In the case of one Abottsford family earlier this month, it saved ten. Shortly after midnight, a grandmother was woken by the sound of an activated smoke alarm. After alerting the remaining residents, all ten members of the family safely exited the home. By the time the fire department arrived, just minutes later, the front of the home was entirely engulfed in flames.
Despite the tragedy of losing a house, the timely escape of ten residents highlights the importance of a working smoke alarm.
In coordination with a broader provincial campaign, Nelson firefighters are busy bringing a message of smoke alarm awareness to our community.
Recent studies of 11,000 fires in the lower mainland show that almost 70 per cent of homes that catch fire do not have working smoke alarms.
Fire Chief Simon Grypma suggests that Nelson’s statistics mirror this study.
“What the studies also show is that when it comes to fire fatalities and the absence of working smoke alarms, it is most often children, the elderly and low income residents who are the victims,” he said.
In response to these shocking statistics, Grypma has launched a multi-tiered campaign with the goal of ensuring that every home has a functioning smoke alarm. To accomplish this, the fire department is conducting neighborhood visits, telephone surveys, and running contests with community business partners, including 103.5 The Bridge.
When it comes to residential house fires, children and the elderly are the most at risk. Aimed at young children, the first of several contests has now been running for four weeks. While on the radio with 103.5 The Bridge host, Robyn Nicholson on Monday mornings, firefighters talk fire safety and accept a call from an elementary school age child willing to test their smoke alarm live on the radio.
Winning callers who successfully test their alarm receive a unique prize.
“We have had great responses to the rides in the fire truck,” said firefighter Scott Jeffery, who has driven groups to Hume, Waldorf, and NDCC schools. “The kids are very excited to ride in the engine, but the best part is when they arrive at school and surprise their friends. Last week at Hume School we had about 100 students gathered around the engine as winner Cole Woodward helped Chief Grypma show kids how to test their smoke alarm.”

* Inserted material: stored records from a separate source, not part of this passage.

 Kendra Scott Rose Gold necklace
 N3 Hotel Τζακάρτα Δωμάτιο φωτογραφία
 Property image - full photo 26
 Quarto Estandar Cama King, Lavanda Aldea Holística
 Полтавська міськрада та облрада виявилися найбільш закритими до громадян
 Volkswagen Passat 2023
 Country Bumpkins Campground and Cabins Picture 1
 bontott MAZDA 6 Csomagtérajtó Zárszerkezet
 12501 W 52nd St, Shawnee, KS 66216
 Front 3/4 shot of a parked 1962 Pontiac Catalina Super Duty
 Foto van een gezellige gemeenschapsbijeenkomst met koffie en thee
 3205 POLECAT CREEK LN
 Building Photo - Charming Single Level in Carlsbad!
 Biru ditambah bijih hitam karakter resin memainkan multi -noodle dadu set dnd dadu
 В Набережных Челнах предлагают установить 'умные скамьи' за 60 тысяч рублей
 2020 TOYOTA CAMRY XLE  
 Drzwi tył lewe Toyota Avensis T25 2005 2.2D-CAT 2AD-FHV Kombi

Research has predicted that if we can ensure that every home has a working smoke alarm, up to 70 unnecessary deaths per year in Canada could be prevented. Grypma is ardent in his goal to reach every home owner and resident in Nelson.
“Having a working smoke alarm is the single most important thing to ensure the safety of you and your family,” he said. “In a community our size, I see no reason why we cannot reach out to every resident and achieve our goal of becoming a safer community.”